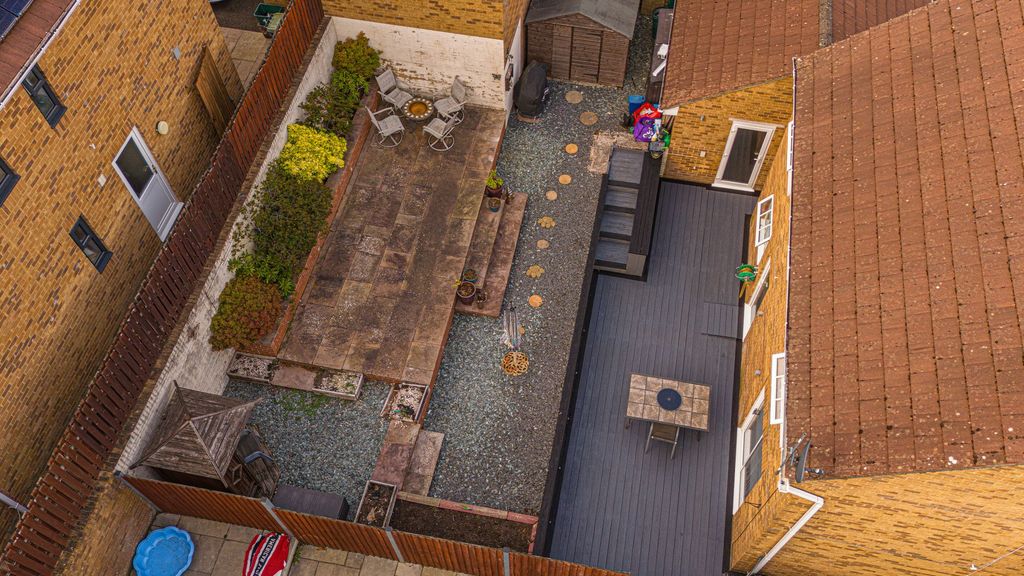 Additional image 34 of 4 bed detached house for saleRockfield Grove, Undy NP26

==

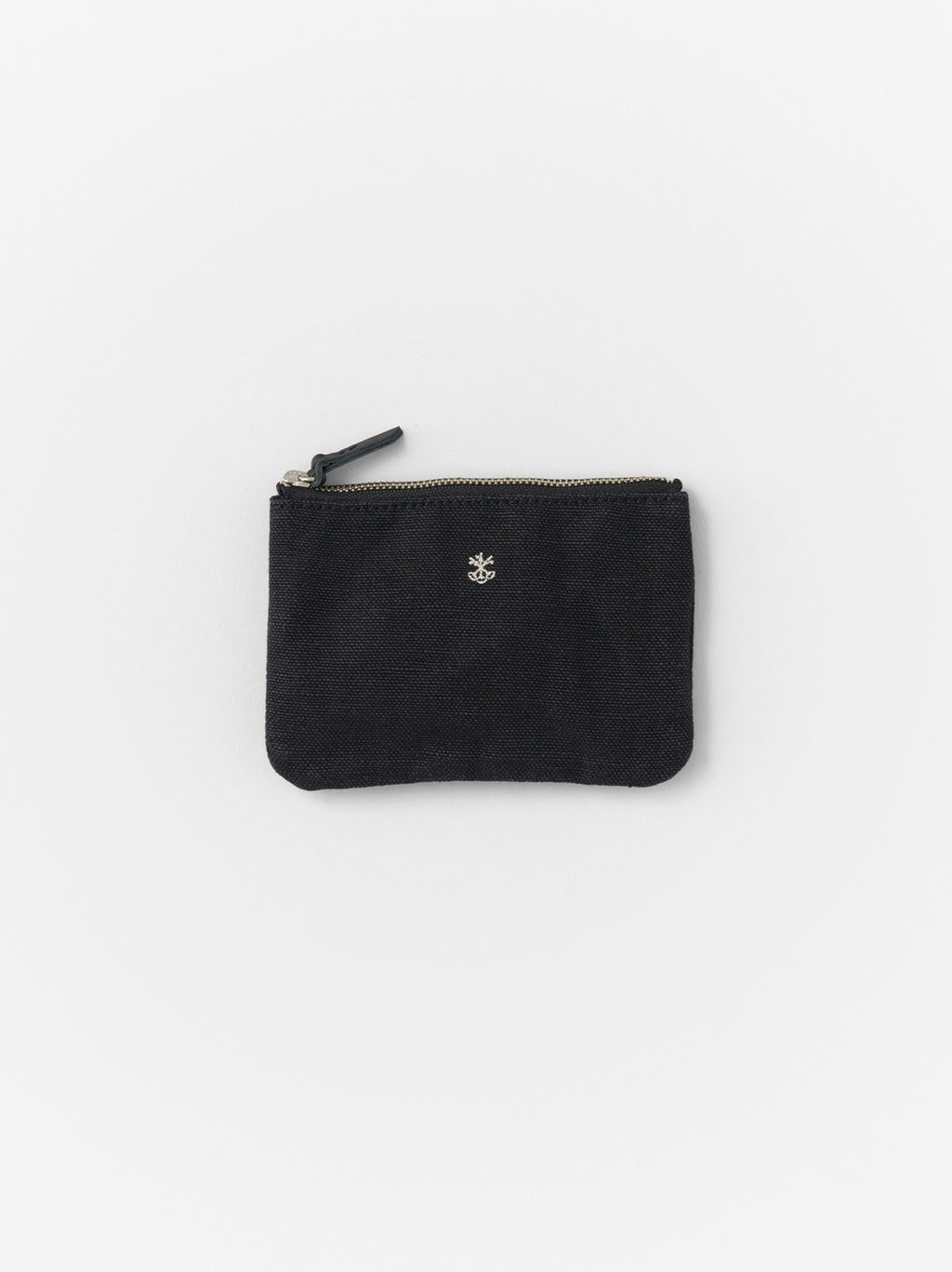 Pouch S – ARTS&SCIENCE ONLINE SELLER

==

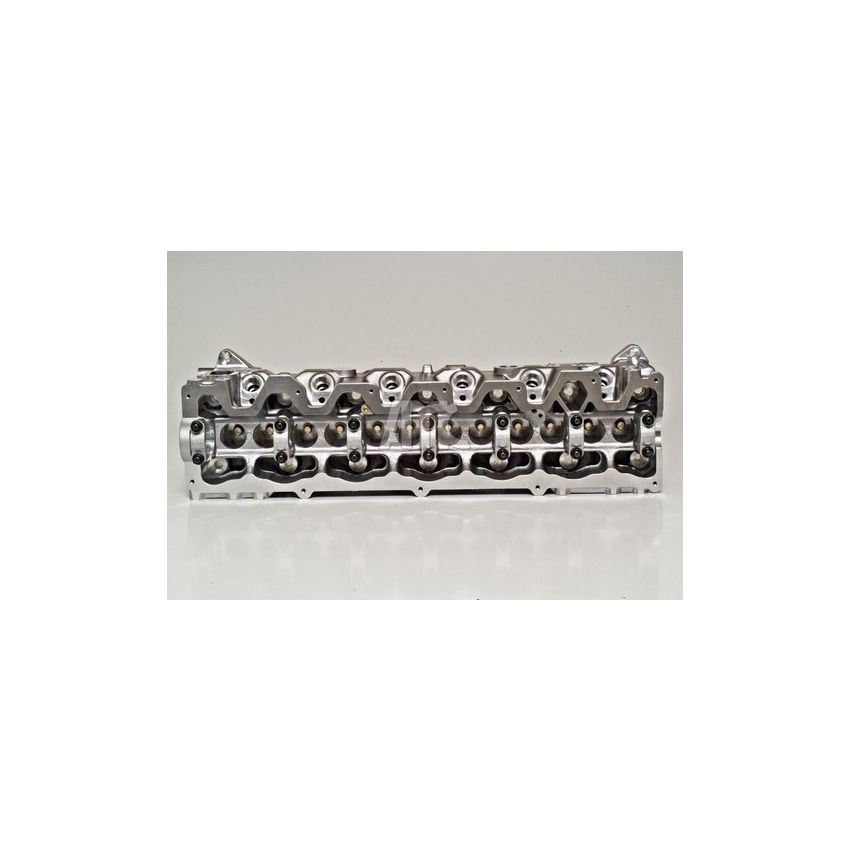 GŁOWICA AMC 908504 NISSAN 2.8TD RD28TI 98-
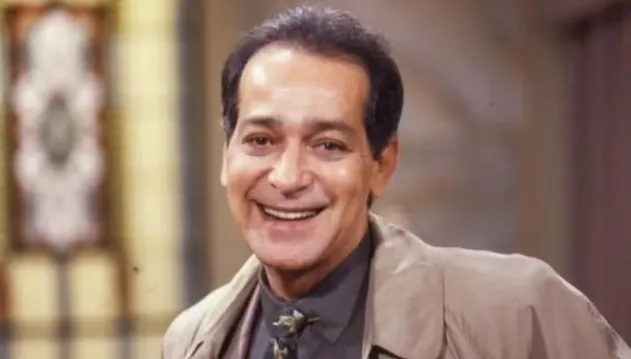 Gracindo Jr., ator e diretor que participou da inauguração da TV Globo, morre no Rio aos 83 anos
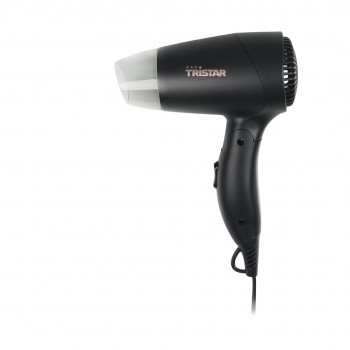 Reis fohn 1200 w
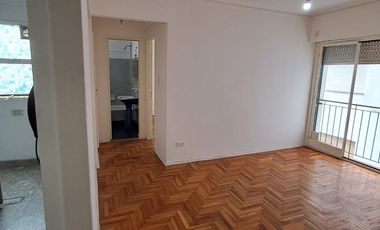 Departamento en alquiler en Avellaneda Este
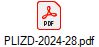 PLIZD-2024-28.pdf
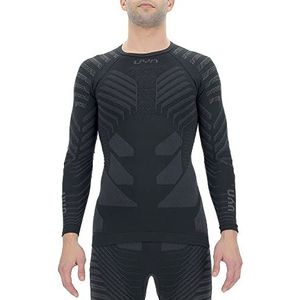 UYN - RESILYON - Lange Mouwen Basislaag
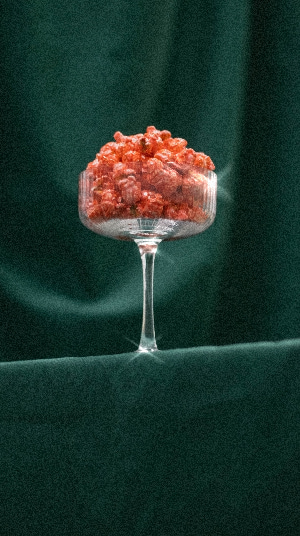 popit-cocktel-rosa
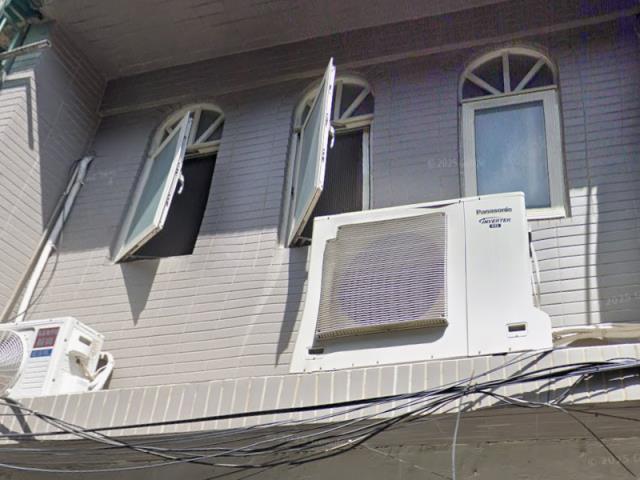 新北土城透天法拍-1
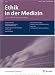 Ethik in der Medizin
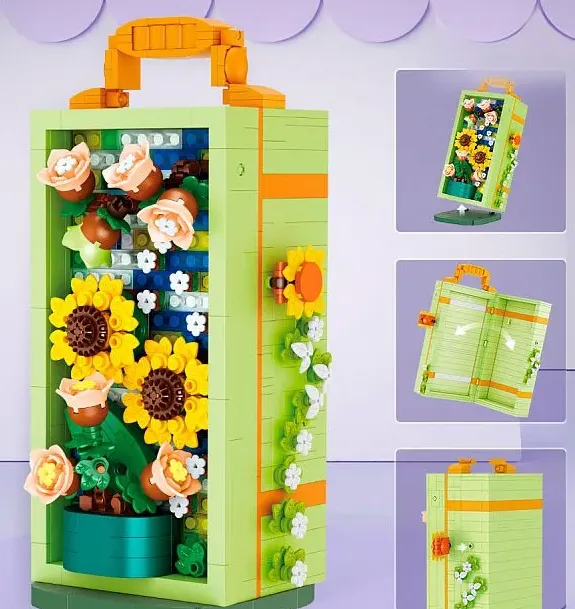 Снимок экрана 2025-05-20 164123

--- To do ---
Copy exactly the lines of the entries above from the one containing "UYN - RESILYON - Lange Mouwen Basislaag" through the one containing "Снимок экрана 2025-05-20 164123". Both end lines count; pictures do not.

--- Written reply ---
 UYN - RESILYON - Lange Mouwen Basislaag
 popit-cocktel-rosa
 新北土城透天法拍-1
 Ethik in der Medizin
 Снимок экрана 2025-05-20 164123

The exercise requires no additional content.